エンジンをかけると、苛立ちをぶつけるようにアクセルを深く踏み込んだ。
急発進する車両を2階の窓から見下ろすと、大槻詩織は振り返り、夫の無量へ愛でるような眼差しを向けた。
「あなた、今日は記念すべき日ね」詩織は優しく夫の肩に触れた。
「そうだとも。今日だけじゃない、これからもずっとだ」
無量は詩織の頬を撫でると、そっと口づけをした。
その直後、静寂を破るようにドアがノックされた。2人は離れると、無量が重厚なドアを開けた。

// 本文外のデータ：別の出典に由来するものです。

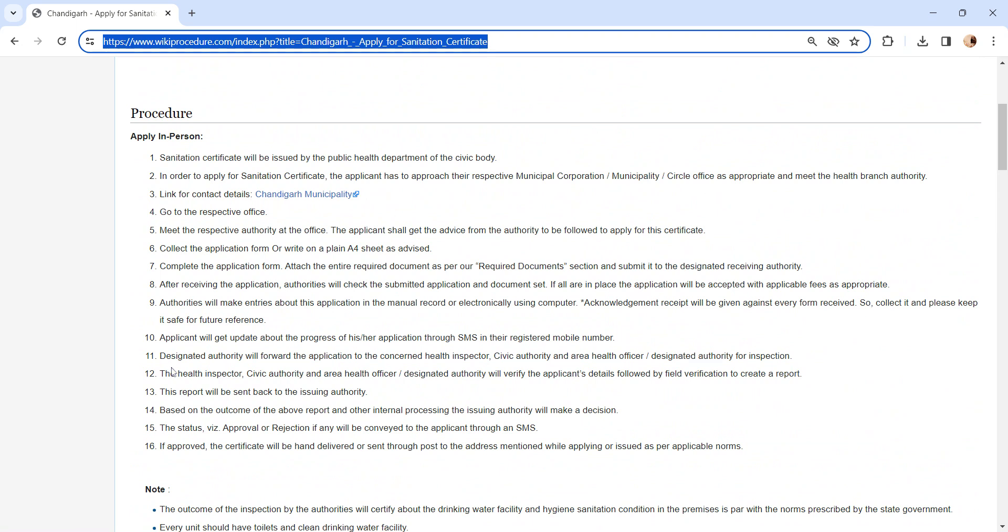The designated authority will forward the applications to the concerned health inspector. The health inspector, civic authority, and area health officer will verify the submitted application form, and field verification will be done to create a report.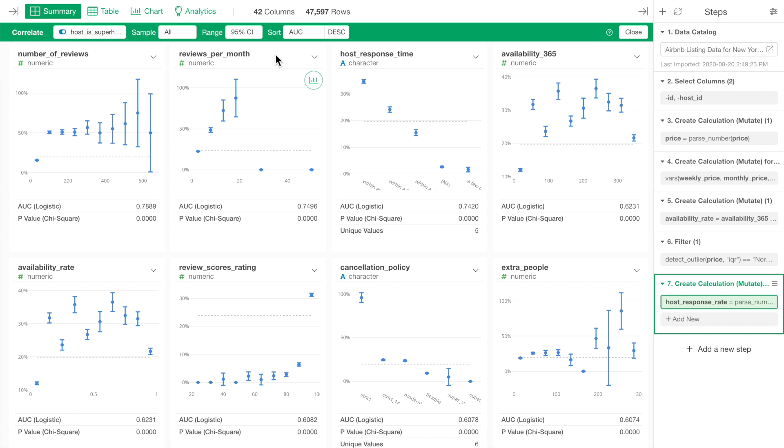It typically ranges from 0.5 to 1, and 1 as the most effective, which means the strongest relationship between the two variables.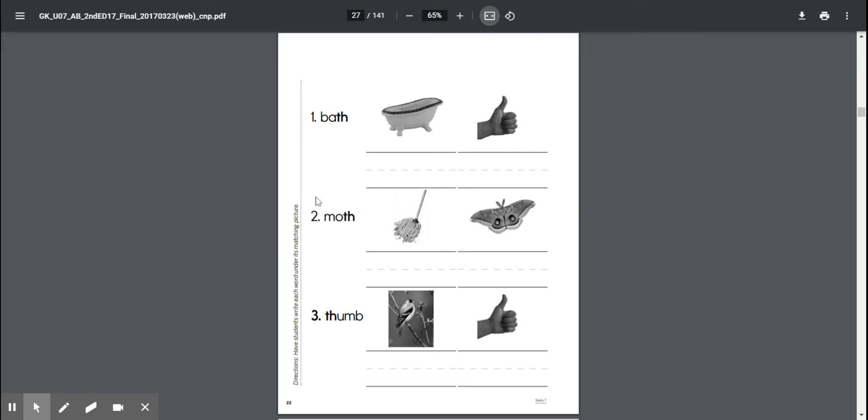Okay, next one, number two. See if you can read that word. Moth, moth, moth.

そこには彫像のように直立する屈強な男──棚垣守の姿があった。
無量は不機嫌そうに訊いた。
「何のようだ?」
「失礼いたしました」棚垣は深く頭を下げた。「無量様、詩織様。そろそろ出発の時間でございます」
「わかった……ご苦労」
無量と詩織は、影のように付き従う棚垣を連れて、部屋を後にした。
5
落ちぶれた一族の主──藤堂百助は、鏡の中に映る自分を見つめた。頬はすっかり痩せこけ、恰幅の良かったかつての威厳は、今や見る影もない。

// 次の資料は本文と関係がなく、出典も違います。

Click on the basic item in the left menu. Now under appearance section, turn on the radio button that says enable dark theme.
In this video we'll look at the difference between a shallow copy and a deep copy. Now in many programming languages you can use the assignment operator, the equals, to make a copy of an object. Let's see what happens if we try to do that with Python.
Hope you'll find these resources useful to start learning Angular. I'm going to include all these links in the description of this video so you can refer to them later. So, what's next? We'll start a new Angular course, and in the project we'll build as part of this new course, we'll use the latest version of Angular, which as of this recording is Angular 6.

ネクタイを締めるその手には、これまでの苦労が深く刻まれているようだった。
背後に妻の花純が映った。彼女は深い緑のワンピースを纏い、首元には真珠のネックレスを身に着けている。
「今日は藤堂家にとって、運命を決める大事な日になる。気持ちを引き締めないとな」百助は短く整えた髪を撫で、自分自身に言い聞かせるように呟いた。

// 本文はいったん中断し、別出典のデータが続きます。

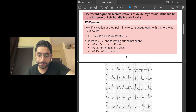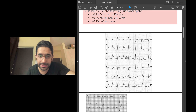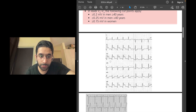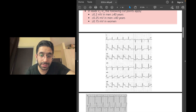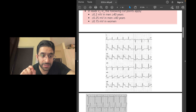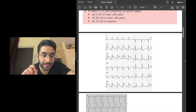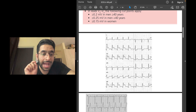In leads V2 and V3, the cutoffs are: 0.2 millivolts in men over 40 years, 0.25 millivolts in men under 40 years, and 0.15 millivolts in women. These specific values may be asked in the INICET exam. In this ECG, ST segment elevation is more than 0.1 millivolts and involves more than two contiguous leads — leads 2, 3, and AVF — consistent with ST elevation myocardial infarction.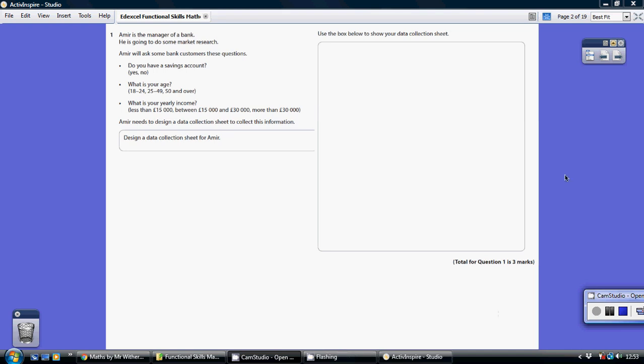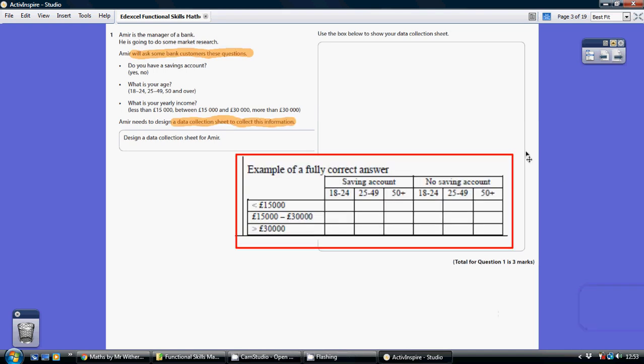Question 1. Now I know this seems a bit of a cop out, but I've just literally copied and pasted from the answer scheme here because I can't really write it out any better than this.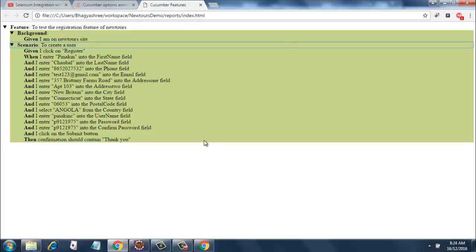You can also have json formats. I'm not covering json formats, you can look it up on their official website. It's pretty simple but rather than having json formats, people prefer index dot html reports. And there are other features also like when you integrate cucumber frameworks with Jenkins, there are certain plugins that help you generate pretty good reports, pretty graphical reports.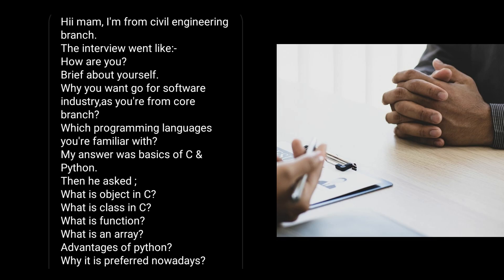Now let's move to civil engineering. This interview experience is shared by a civil engineering student. It started with how are you, brief about yourself, why you want to go for software industry as you are from core branch. This question is pretty much expected from all non CS IT students.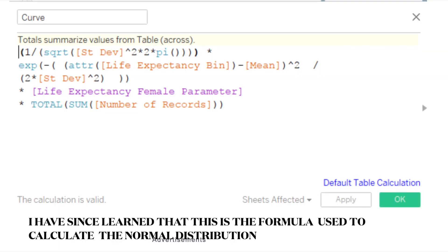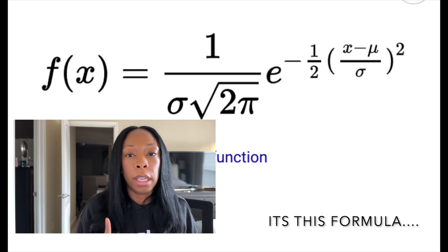Yesterday I told you guys I was trying to figure out how to do a bell curve in Tableau, and that if I figured it out I would show you guys how to do it. There's not a lot of videos on people doing bell curves in Tableau, but there was someone who showed how to do it. They're using similar formulas that you would use in Excel — to calculate the mean, which is just your average, and to calculate the standard deviation. I didn't know that Tableau had that built in.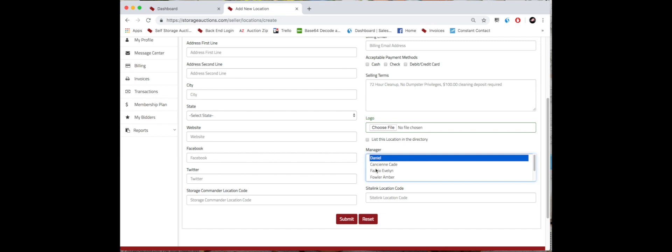If you have Sitelink as another option, you can also type out that location code there. Then simply click submit and the location will be under your account.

「……そうね」花純の表情には、拭いきれない不安の影が差していた。
「花純」百助は妻の肩に手を置いた。「無理してついて来なくてもいいんだぞ。俺と百之助だけで十分だ」
「大丈夫よ」花純は目に溜まった涙を指先で拭うと、懸命に笑みを作った。
「わたしにも行かせて。一緒に行きたいの」
「……わかった」
その時、玄関のドアが開く音とともに、息子の百之助が姿を現した。すでに仕立ての良いスーツに身を包んだその姿は、若い時の自分に生き写しだと百助は思った。
「父さん、母さん」息子は両親を交互に見つめ、静かに促した。
「そろそろ行かないと。今から出発すれば、ちょうど良い時間に王冠の島に着くはずだ」
「そうだな」百助は覚悟を決めるように、深く、長く息を吐き出した。